If this student puts her examples into this sharing environment, she gets:
- backup of her notes
- organized documentation of the evidence behind that squib's point for later inclusion in her dissertation
- reproducibility -- other researchers who might challenge the representativeness of her four examples can find other examples
Currently running a Thai word-segmentation competition. Dataset involves thousands of sentences of Thai text, word-segmented by native Thai speakers. By using the platform provided, he can get:
- data backup
- easy indexing of multiple annotations of the same segments
- easy revision tracking, as disagreements are resolved
Additional Benefits
A successful platform would probably provide access to several simple-to-use applications (such as tools to visualize the uploaded data). For example, visual and tabular reports of (word-)frequencies in your data, cross-tabularization, lemmatizers; visualization of syntactic annotation; simple annotation tools to add additional layers of annotation to a data set; and so on. Over time, community members can develop and share additional tools. Existing tools (e.g. ANVIL, Praat, Linguistic Search Engine; TigerSearch) could be integrated into the platform, combined with intuitive user interfaces, thereby providing additional motivation to linguists to join the community and upload their data.

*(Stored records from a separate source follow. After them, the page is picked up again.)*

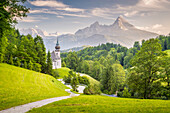 Maria Gern Church, with Bayern Alps and Mount Watzmann on the background, during sunset. Berchtesgaden, Berchtesgaden Land, Bayern, Germany.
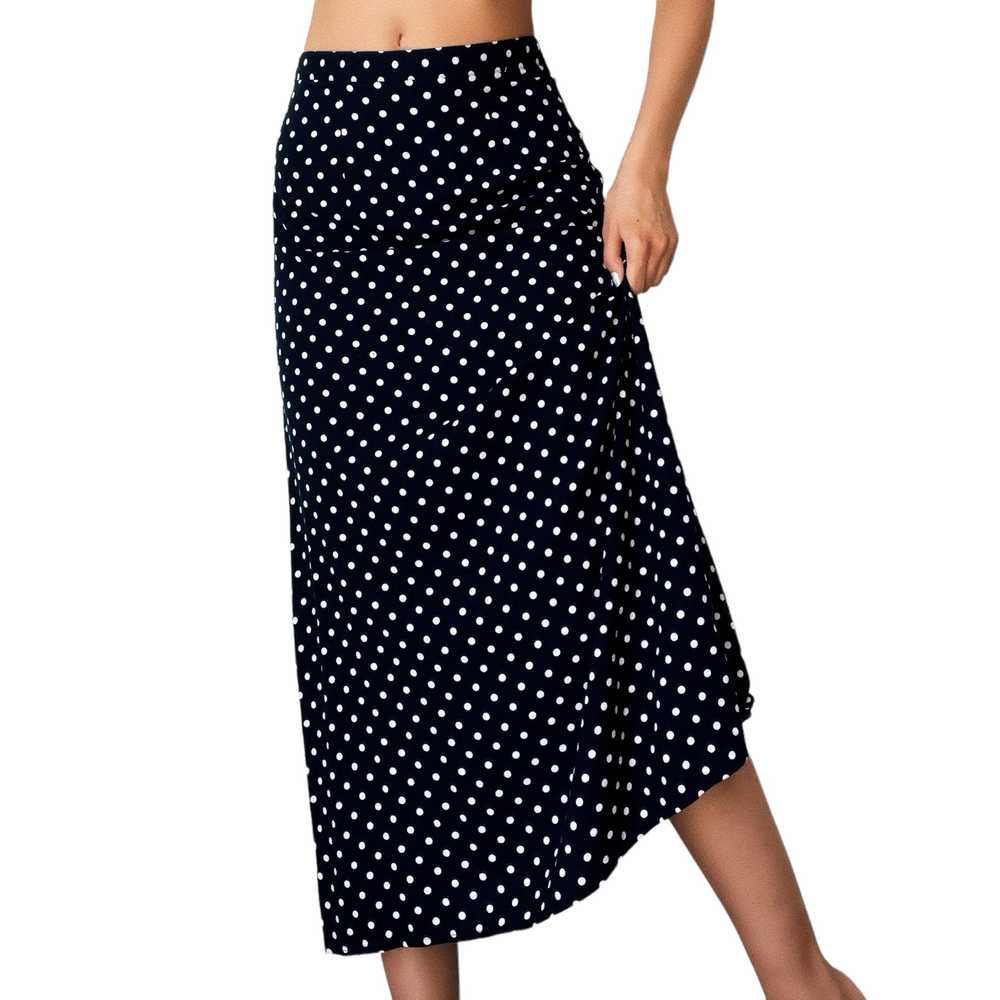 Vintage Navy Polkadot Skirt (S) - image 3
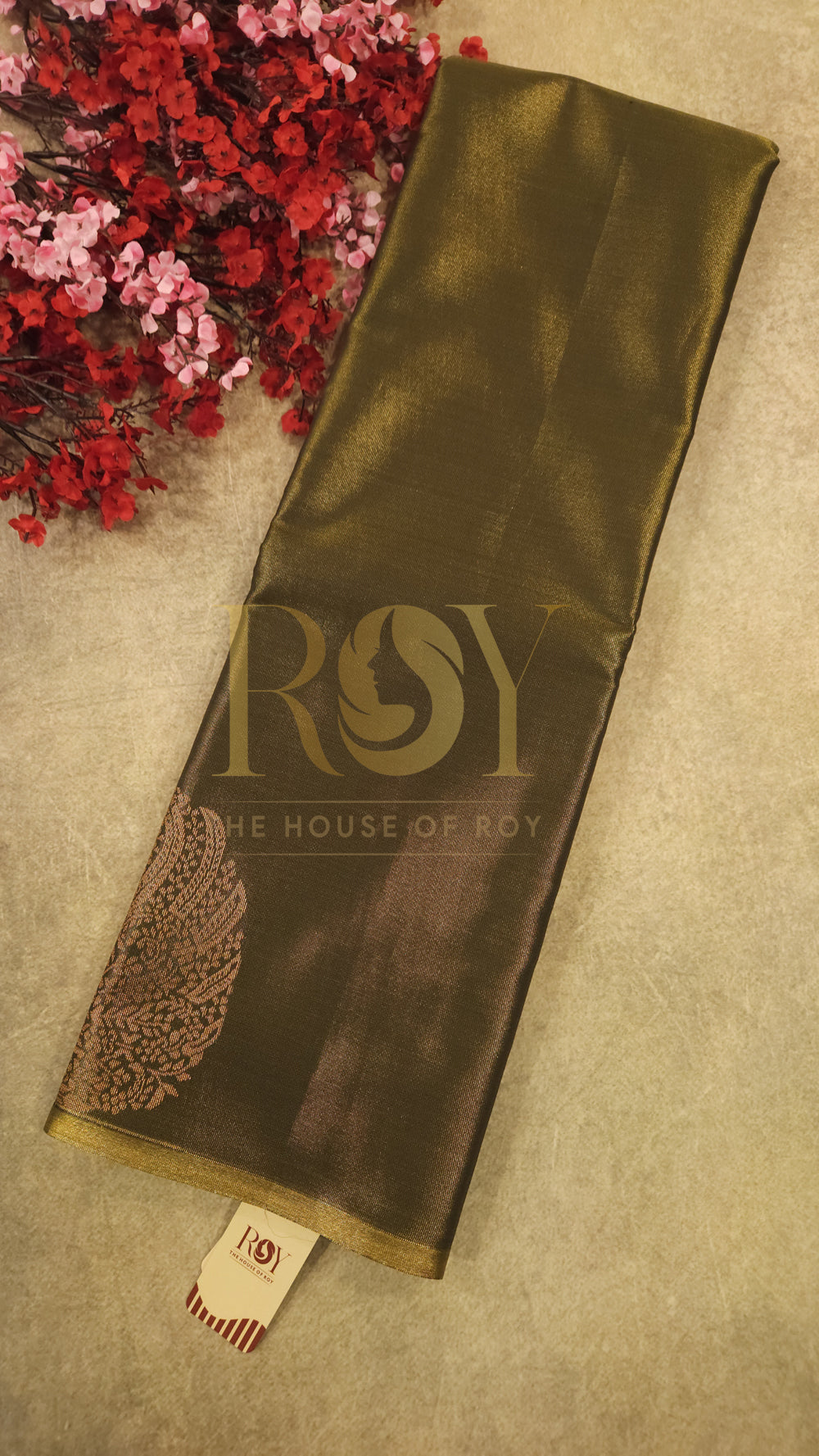 Tissue Silk Cotton Saree in Seaweed Green
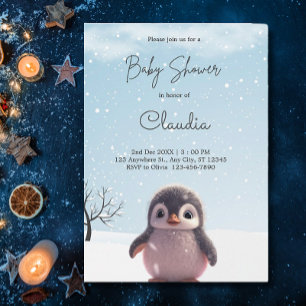 Invitation Couleur d'eau du Baby shower de neige d'hiver de P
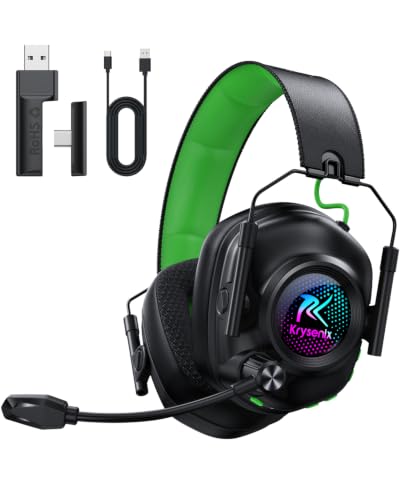 Wireless Gaming Headset with Noise Canceling Microphone for PC, PS5, PS4, Switch, Mac, 2.4 GHz Wireless & Bluetooth 5.4 Gaming Headphones, Cool RGB Lighting, 50Hr Battery, 50mm Drivers(Deep Green) - color: Deep Green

In the long run, the platform we envision can also facilitate the development of annotation standards. Annotation standards that have been developed for one task can be become objects that can be shared with other users. Just like any other type of data, annotation schemes can have tags for authorship, editorship, and revision history. This way, not only primary linguistic data, but also secondary data (part-of-speech sets, syntactic annotation schemes, etc.) can be shared and improved by community members.
What to build first?The system required to get all of the possible benefits of every one of these use cases will require substantial work. In this section, we propose a somewhat more limited scope as an initial goal.
We suggest that phonetic and phonological transcription are a particularly well-suited task for this sort of distributed data-sharing. Technology and standards are well-defined for sharing audio and transcriptions (essentially, text).
The issues of sharing audio and transcriptions among field researchers, their assistants, professional and student transcribers, and arbitrators are not simple, because they involve tracking meta-information, access control, and revision control. Software developers, for their own needs, have developed good tools for dealing with most of these issues.
Limiting the scope of this tool initially to audio files and multiple text transcriptions of those files would make working out these challenges somewhat simpler --- and thus more easily, in the future, extended to other forms of annotation (e.g., coding features that depend on other annotations, such as syntax above transcription).
Building the infrastructure for simple collaboration on transcription, however, would be a useful contribution to
- Fieldworkers
- Linguistics education - students and faculty
- Sharing of transcriptions - between fieldworkers and their research colleagues
- Collaboration among remote researchers (even when none of them are fieldworkers)
ConclusionToo often, discussions about "tools" are really discussions not about tools, but about how to make our tools interoperate, how to make sure that doing work on tools or data gets proper attribution (or the related question: how it gets funding), or one of several other concerns that are -- at root -- questions outside of the tools
themselves.
We have tools. The technology for sharing data, for managing access, revision history, redundancy, and privacy already exists, and is in use on the Internet every day. As the linguistics research community, we are not using the tools that exist for these tasks -- and some work must be done in order to use them to our (and their!) best ability. Nevertheless, the tools exist, and the next generation of linguists will thank us for already having them in place.